Image-text web data
=== Begin Enclosure ===
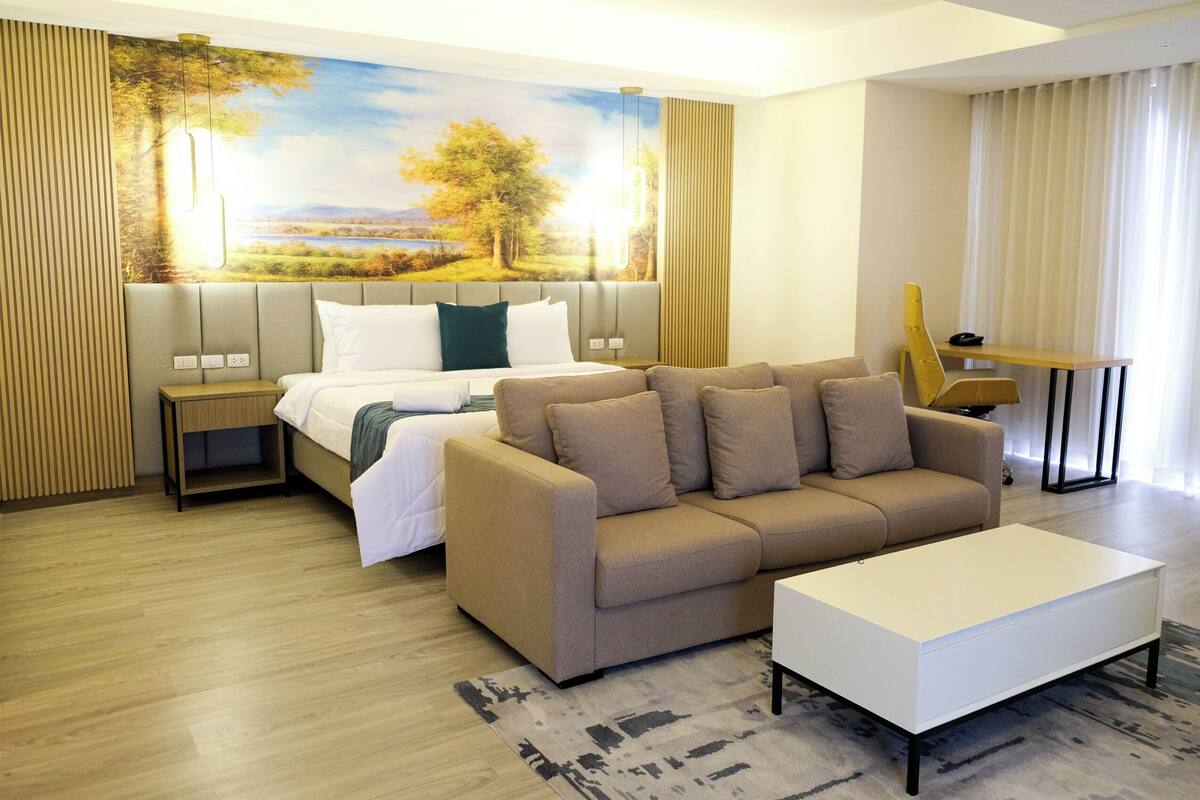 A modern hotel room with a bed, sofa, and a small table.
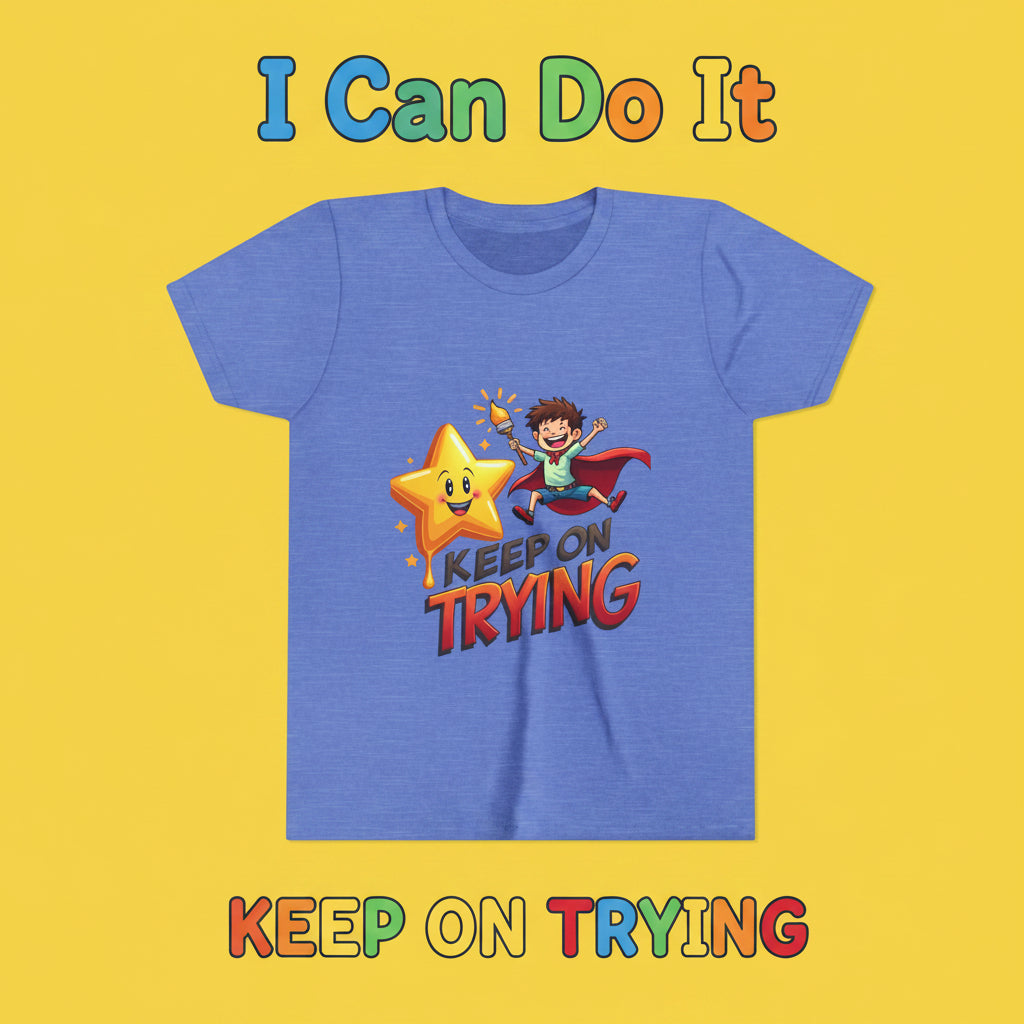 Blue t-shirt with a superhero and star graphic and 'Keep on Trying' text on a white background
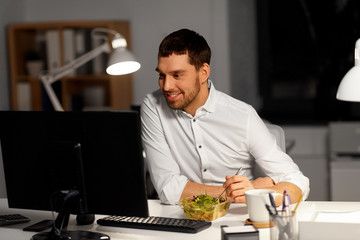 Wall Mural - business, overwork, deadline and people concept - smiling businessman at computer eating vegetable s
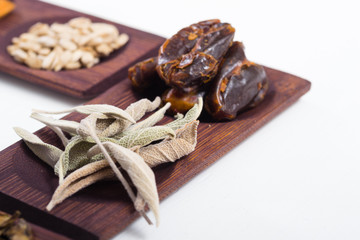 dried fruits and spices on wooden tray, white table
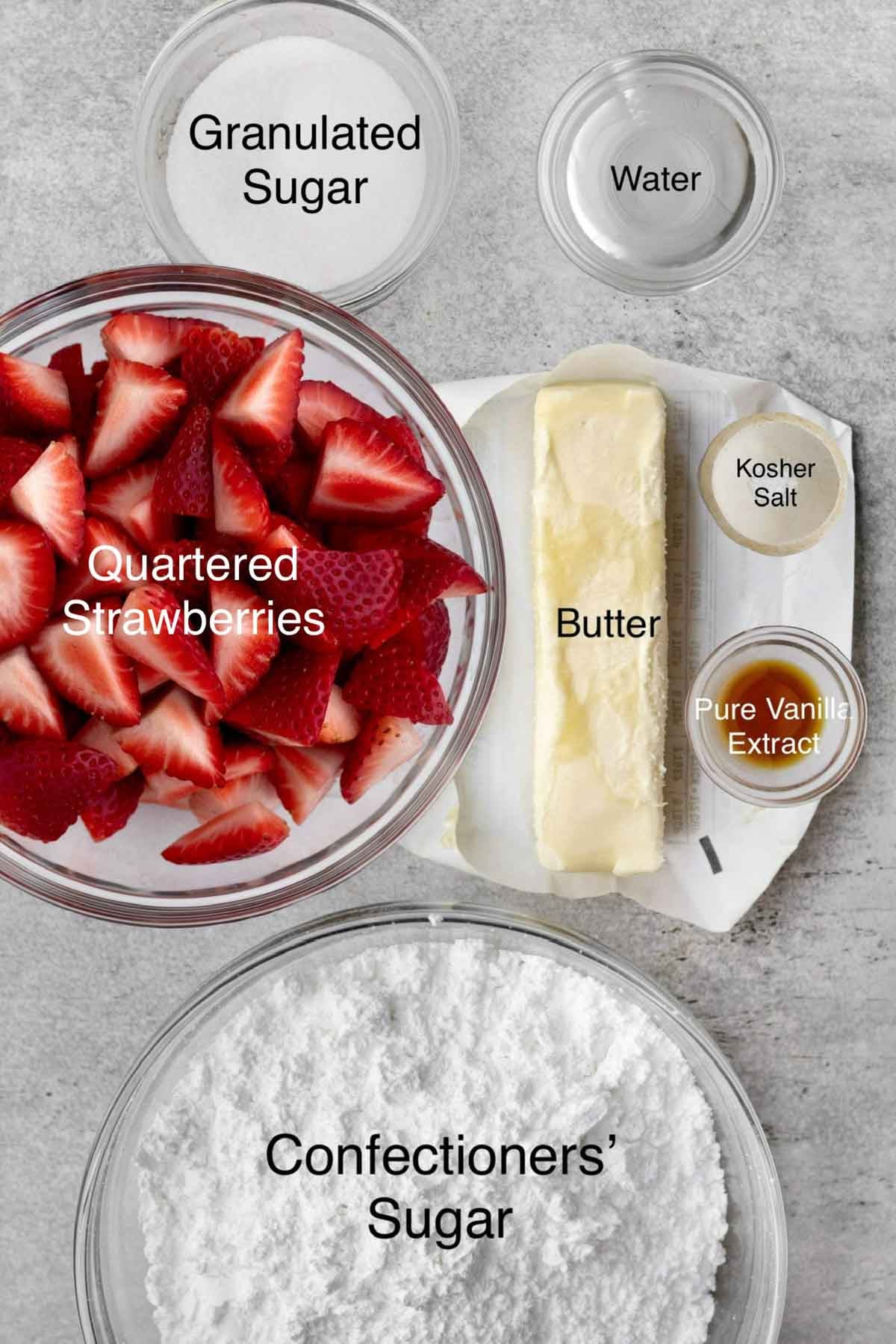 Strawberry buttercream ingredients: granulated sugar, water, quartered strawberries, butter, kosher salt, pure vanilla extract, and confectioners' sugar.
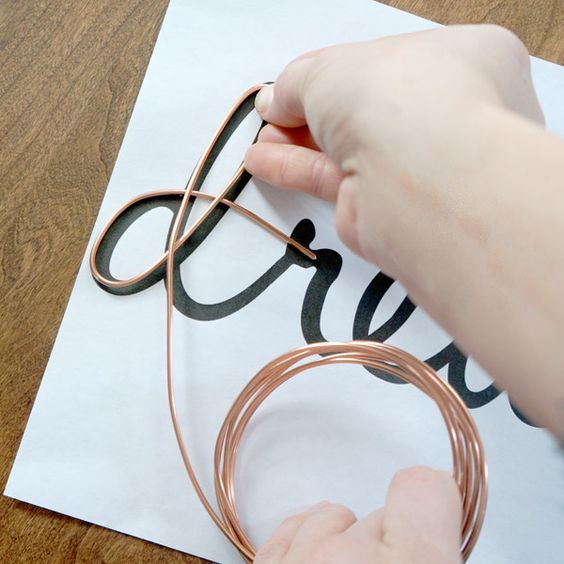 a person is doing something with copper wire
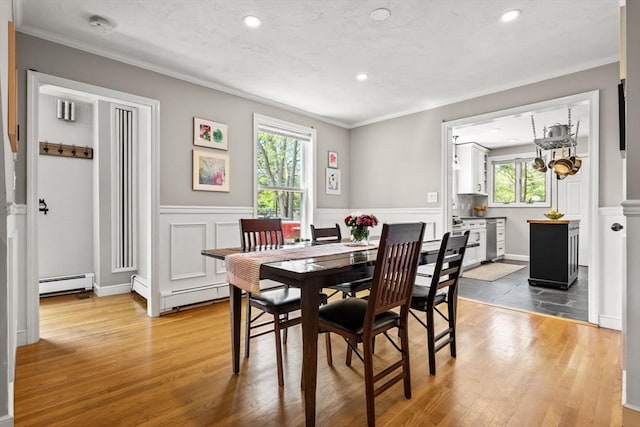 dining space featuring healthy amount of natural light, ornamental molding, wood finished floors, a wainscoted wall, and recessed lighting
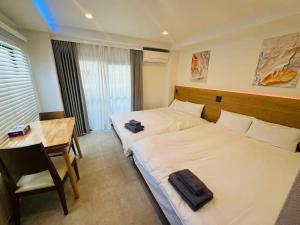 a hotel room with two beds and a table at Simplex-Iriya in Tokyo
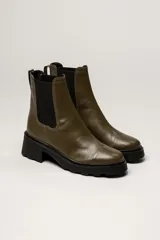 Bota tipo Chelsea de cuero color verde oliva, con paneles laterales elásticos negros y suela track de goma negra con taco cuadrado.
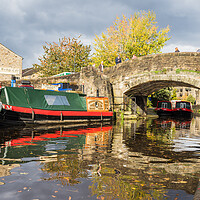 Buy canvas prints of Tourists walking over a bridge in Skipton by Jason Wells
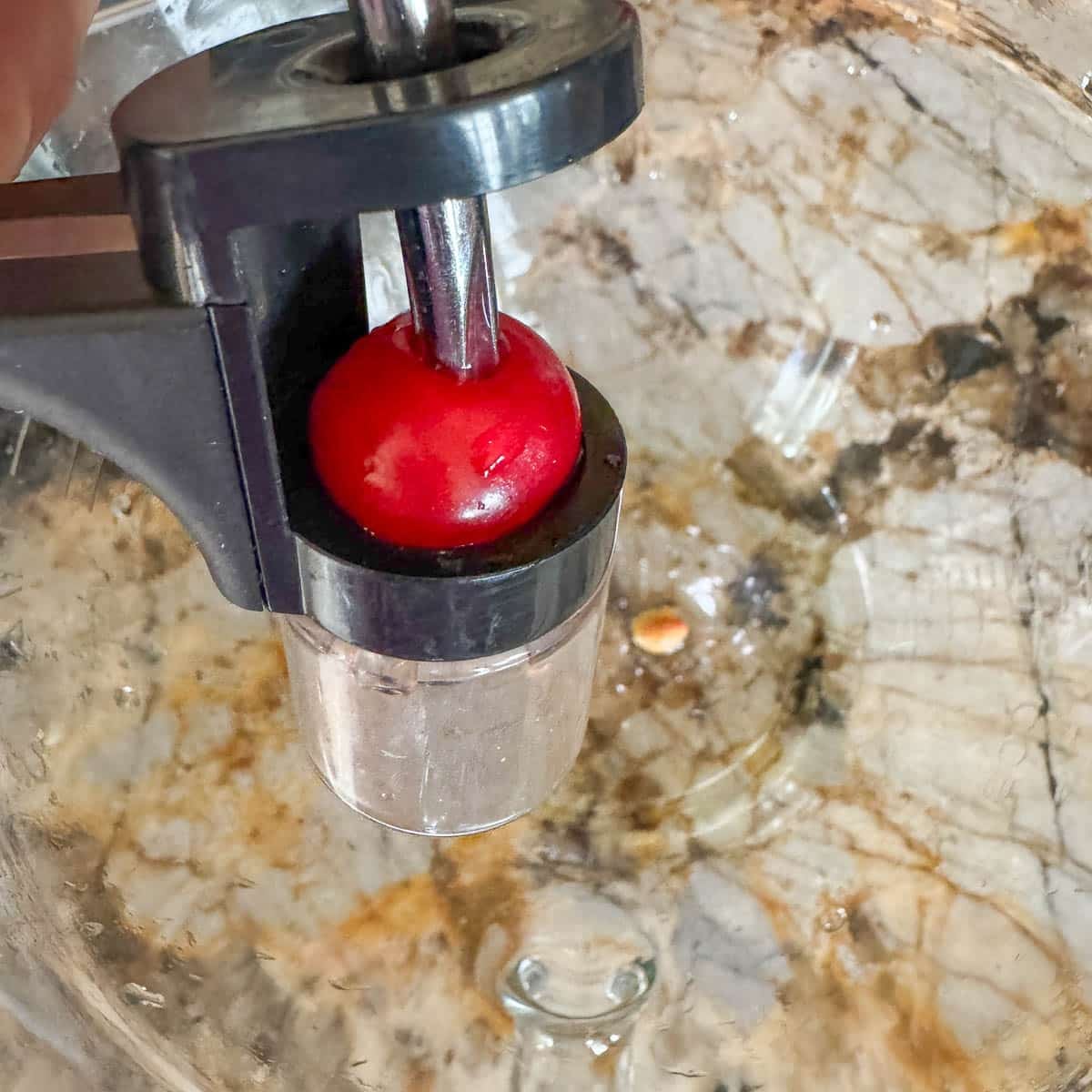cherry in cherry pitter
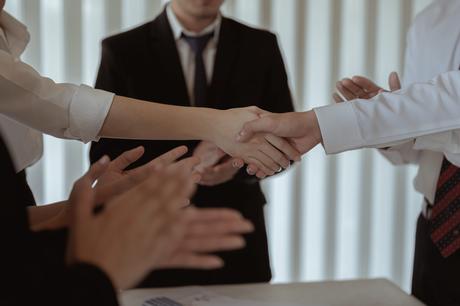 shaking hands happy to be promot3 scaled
=== End Enclosure ===
REQUIRED ACTION
Reproduce exactly the lines above that run from the one with "dining space featuring" to the one with "Bota tipo Chelsea", both included, leaving pictures out.

EXERCISE OUTPUT
 dining space featuring healthy amount of natural light, ornamental molding, wood finished floors, a wainscoted wall, and recessed lighting
 a hotel room with two beds and a table at Simplex-Iriya in Tokyo
 Bota tipo Chelsea de cuero color verde oliva, con paneles laterales elásticos negros y suela track de goma negra con taco cuadrado.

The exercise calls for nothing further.